■ ASSIGNED TASK: Using the data below, restate exactly every line from the one with "Pera CZ Water" up to and including the one with "Car Wash Brush". No picture belongs in it.

::::::::::

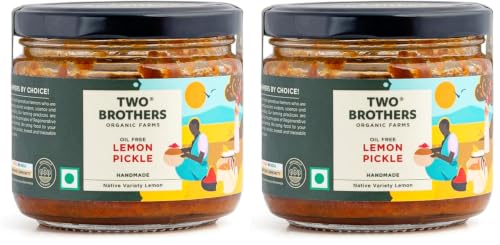 Image of Two Brothers Organic Farms Lemon Pickle Sweet and Sour (300g) | Oil Free & Vinegar Free Lime Pickle | Handmade, Fresh with No Artificial Preservatives (Pack of 2)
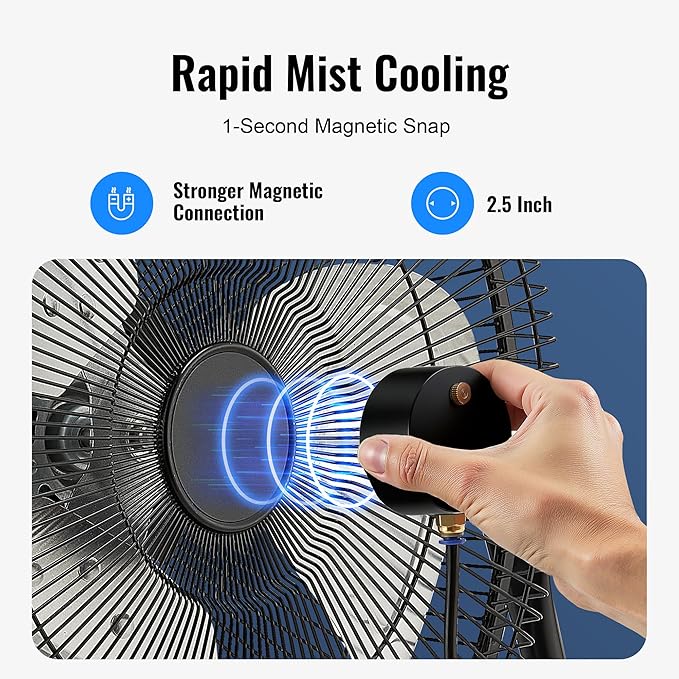 Fan Misters for Cooling Outdoor, Magnetic Misting Cooling System, Triple Nozzle Design, 16.4FT Misting Line, Outside Fans Misting Kit for Cool Patio, Backyard, Pool, Black(Fans Not Included)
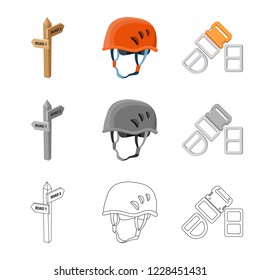 Isolated object of mountaineering and peak sign. Collection of mountaineering and camp stock symbol for web.
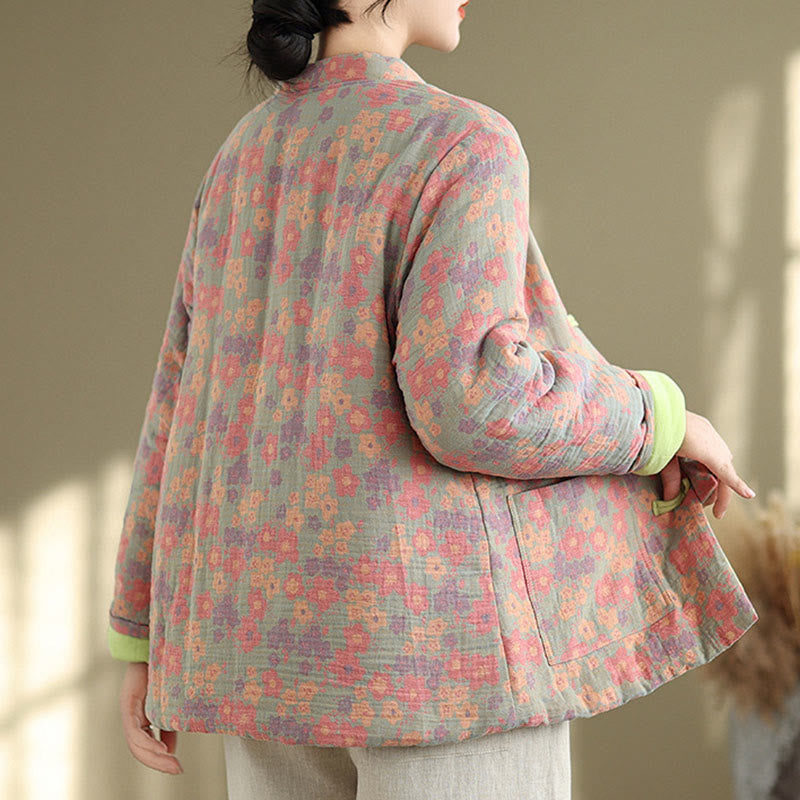 Thick Cotton-Blend Floral Pattern Grounding Winter Jacket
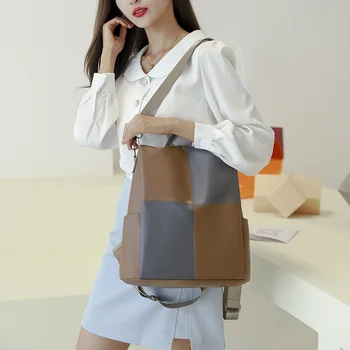 Рюкзак Новая женская сумка из искусственной кожи, Городской простой женский модный Темпераментный рюкзак для покупок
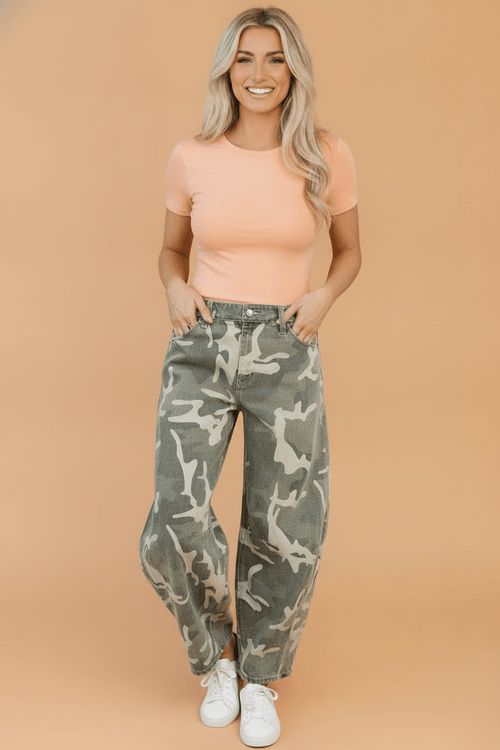 Camo Denim Button Fly Straight Leg Jeans - Rooted & Reckless Co.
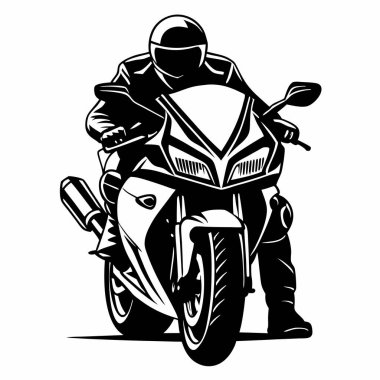 Siyah arka planlı siyah motosiklet, vektör illüstrasyonu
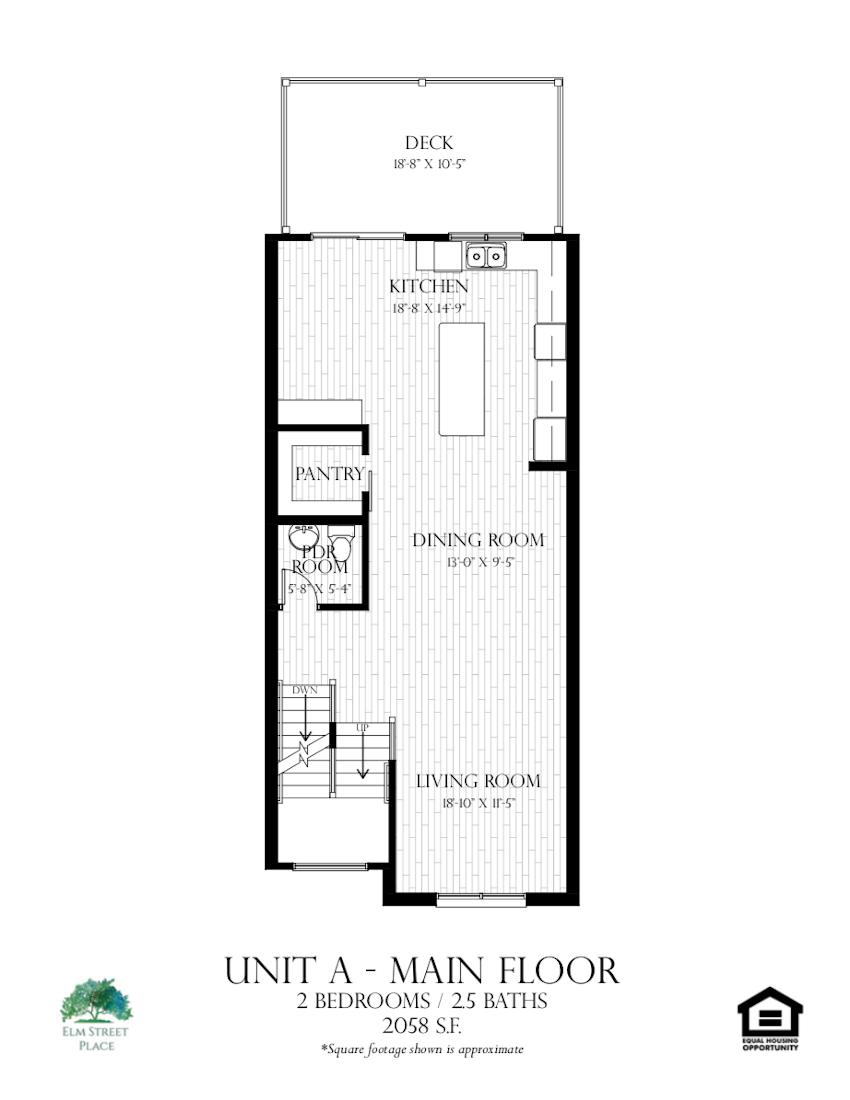 Elm Street Place Luxury Rental Townhomes - Unit A Floor Plan - Main Level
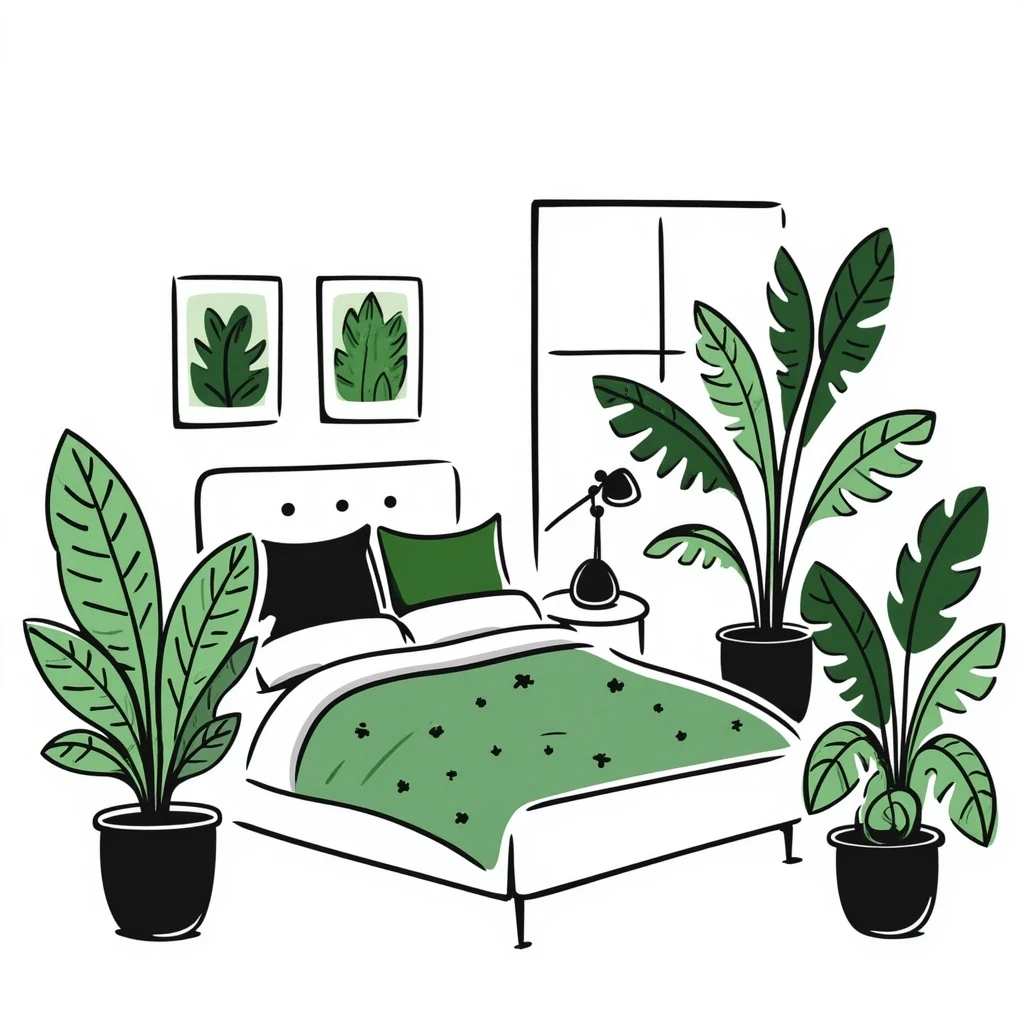green bedroom plants with frames emoji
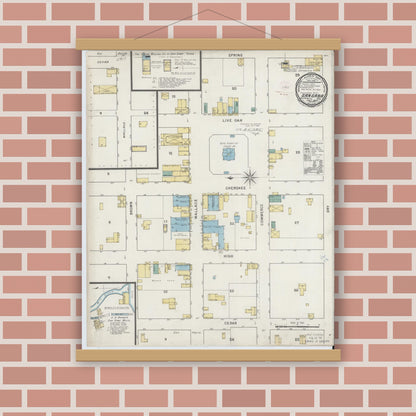 Old map wall art mockup — magnetic wood frame on brick wall — Sanborn Fire Insurance Map from San Saba, San Saba County, Texas (1894), Sheet #0001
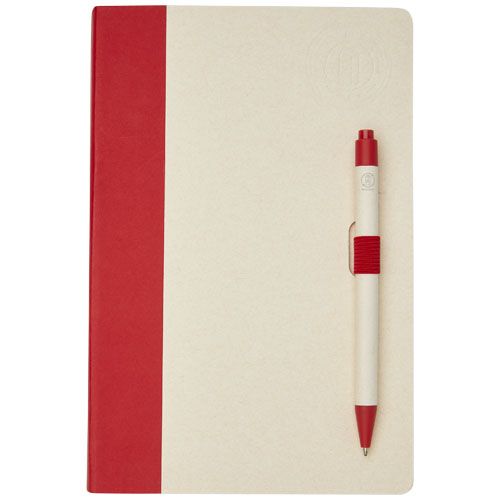 Set de libreta de referencia de tamaño A5 y bolígrafo fabricados con cartones de leche reciclados 
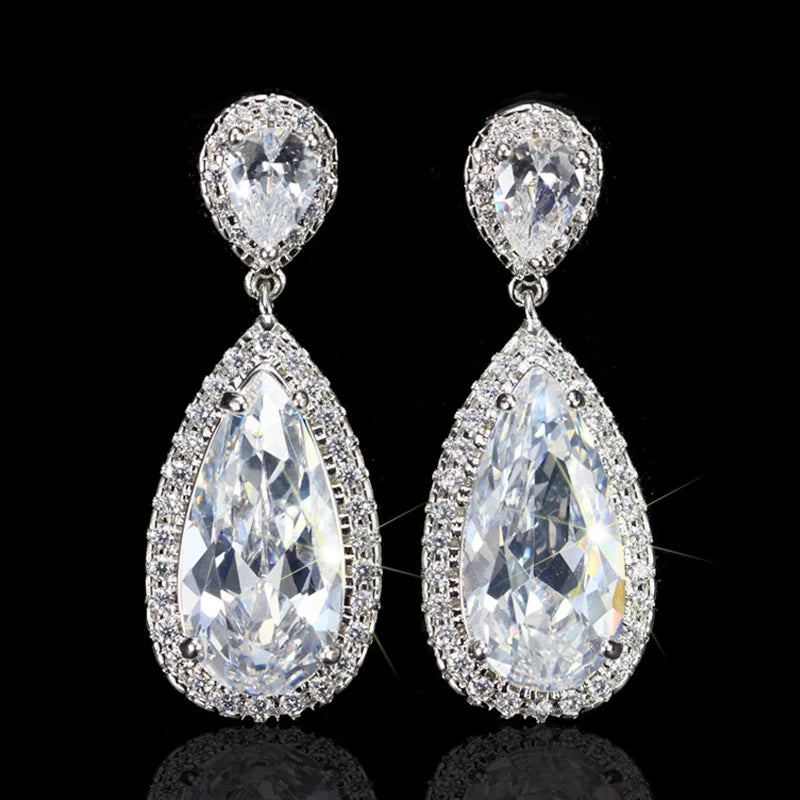 Pera CZ Water Drop Earrings Bridal Jewelry E633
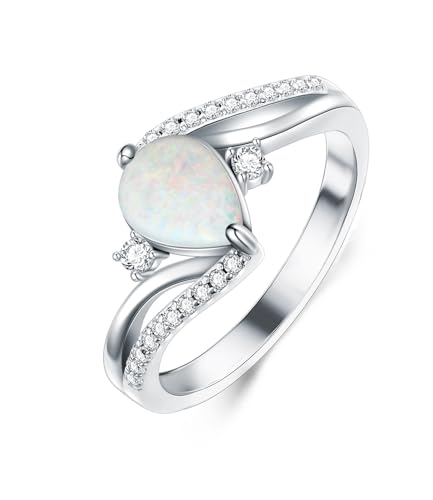 WSX Weißer Opal Verlobungsring für Damen 925 Sterling Silber mit Tränenförmigen Synthetischen Edelsteinen CZ Ring Schmuck für Versprechen Hochzeiten Größe O von WSX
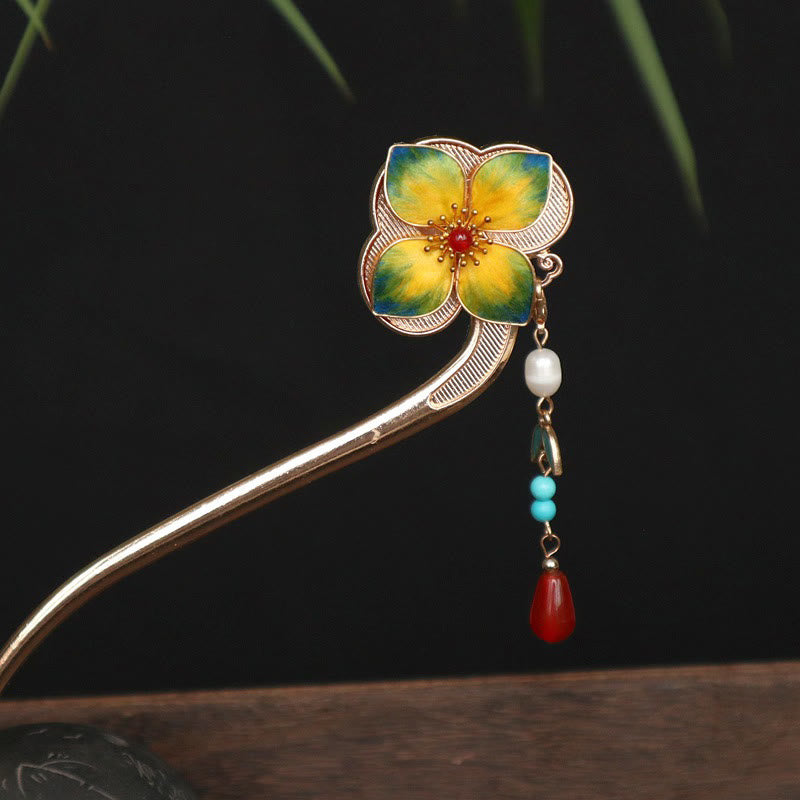 Buddha Stones Haarnadel mit roter Achat-Türkis-Perle, Samtblume und Quaste für ruhige Zuversicht - Samtblumenquaste - image 0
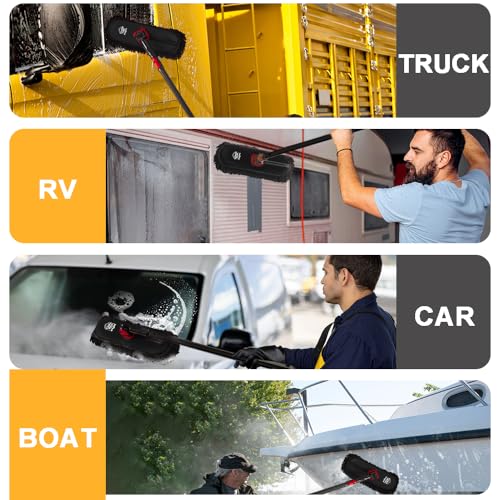Car Wash Brush with Long Handle, Chenille Microfiber Car Wash Mop Kit, Scratch Free Car Cleaning Supplies with Ergonomic 15掳 Curved Extension Pole for RV Truck Boat Windshield - Black - color: Black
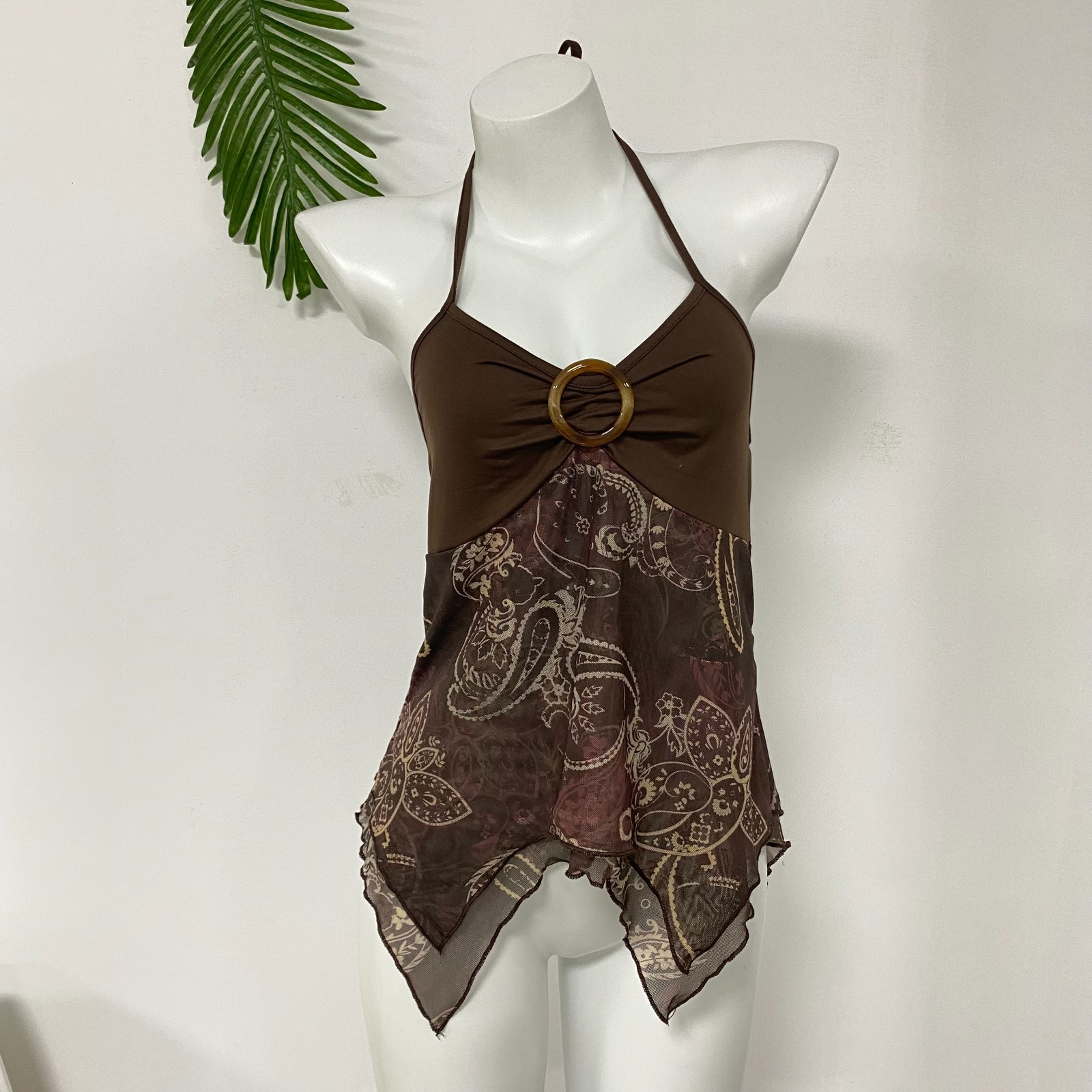 Y2K Brown Paisley Mesh Halter Top Wooden Ring Cutout Asymmetric Hanky Hem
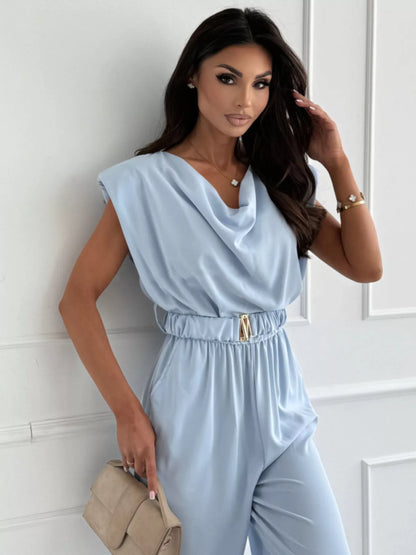 Cowl Neck Wide-Leg Jumpsuit - Redemption By Ashley North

::::::::::

■ EXERCISE SOLUTION:
 Pera CZ Water Drop Earrings Bridal Jewelry E633
 WSX Weißer Opal Verlobungsring für Damen 925 Sterling Silber mit Tränenförmigen Synthetischen Edelsteinen CZ Ring Schmuck für Versprechen Hochzeiten Größe O von WSX
 Buddha Stones Haarnadel mit roter Achat-Türkis-Perle, Samtblume und Quaste für ruhige Zuversicht - Samtblumenquaste - image 0
Car Wash Brush with Long Handle, Chenille Microfiber Car Wash Mop Kit, Scratch Free Car Cleaning Supplies with Ergonomic 15掳 Curved Extension Pole for RV Truck Boat Windshield - Black - color: Black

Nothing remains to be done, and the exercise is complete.